▸ Task directions
Lines below that include "Foto" are the answer; copy each one.

▸ Records
• • •

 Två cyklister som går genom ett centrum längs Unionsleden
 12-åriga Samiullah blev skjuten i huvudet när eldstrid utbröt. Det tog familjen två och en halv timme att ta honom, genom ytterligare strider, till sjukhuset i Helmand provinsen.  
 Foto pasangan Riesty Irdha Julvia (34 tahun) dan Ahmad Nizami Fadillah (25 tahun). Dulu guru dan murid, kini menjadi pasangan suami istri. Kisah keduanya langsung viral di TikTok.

• • •

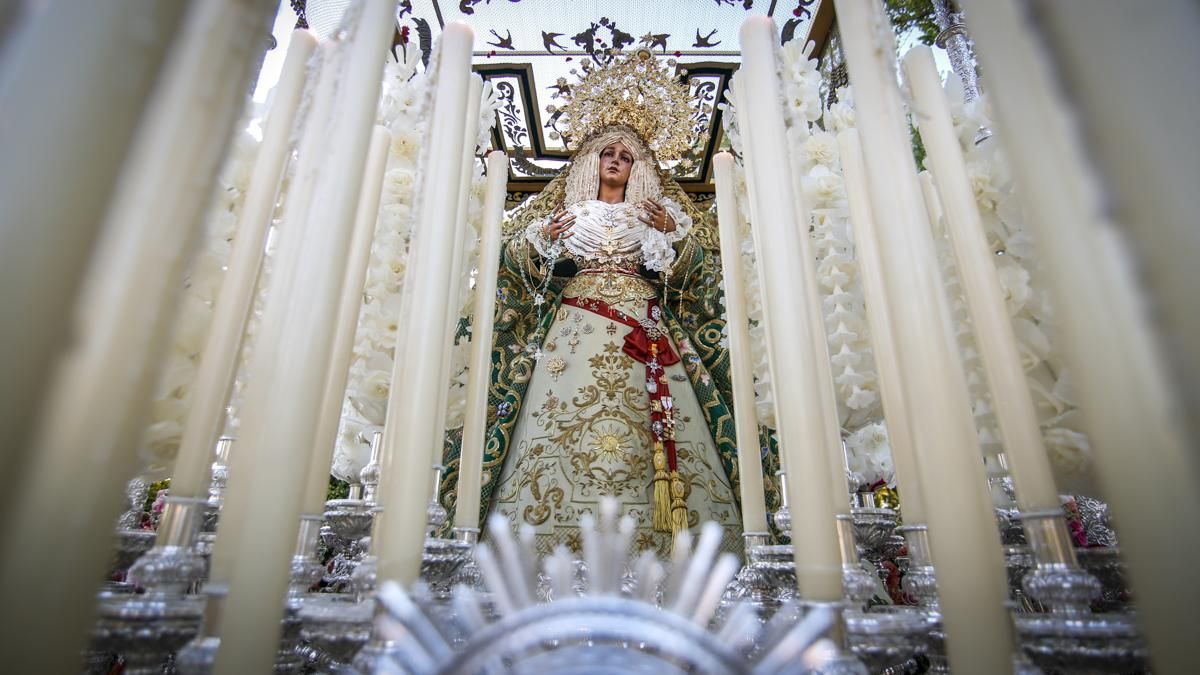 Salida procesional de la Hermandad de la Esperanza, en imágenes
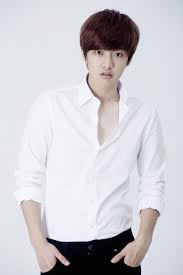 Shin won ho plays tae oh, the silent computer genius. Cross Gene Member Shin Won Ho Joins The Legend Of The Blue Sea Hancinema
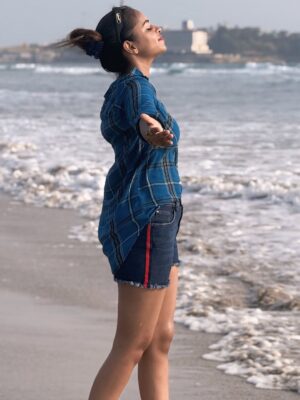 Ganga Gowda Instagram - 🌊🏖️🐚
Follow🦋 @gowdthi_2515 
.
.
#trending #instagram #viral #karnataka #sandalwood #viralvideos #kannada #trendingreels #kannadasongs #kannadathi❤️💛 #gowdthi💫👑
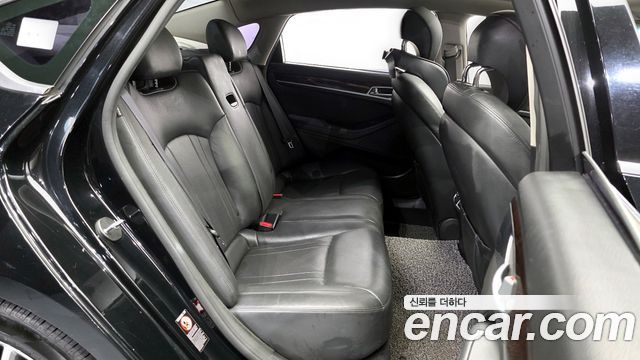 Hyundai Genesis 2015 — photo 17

• • •

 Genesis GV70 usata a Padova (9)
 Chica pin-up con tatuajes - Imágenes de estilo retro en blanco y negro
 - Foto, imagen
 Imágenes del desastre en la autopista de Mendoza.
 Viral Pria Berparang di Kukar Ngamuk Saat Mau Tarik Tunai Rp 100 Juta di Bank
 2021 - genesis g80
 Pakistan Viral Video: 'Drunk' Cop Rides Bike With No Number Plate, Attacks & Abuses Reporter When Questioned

• • •

▸ Expected answer
 Foto pasangan Riesty Irdha Julvia (34 tahun) dan Ahmad Nizami Fadillah (25 tahun). Dulu guru dan murid, kini menjadi pasangan suami istri. Kisah keduanya langsung viral di TikTok.
 - Foto, imagen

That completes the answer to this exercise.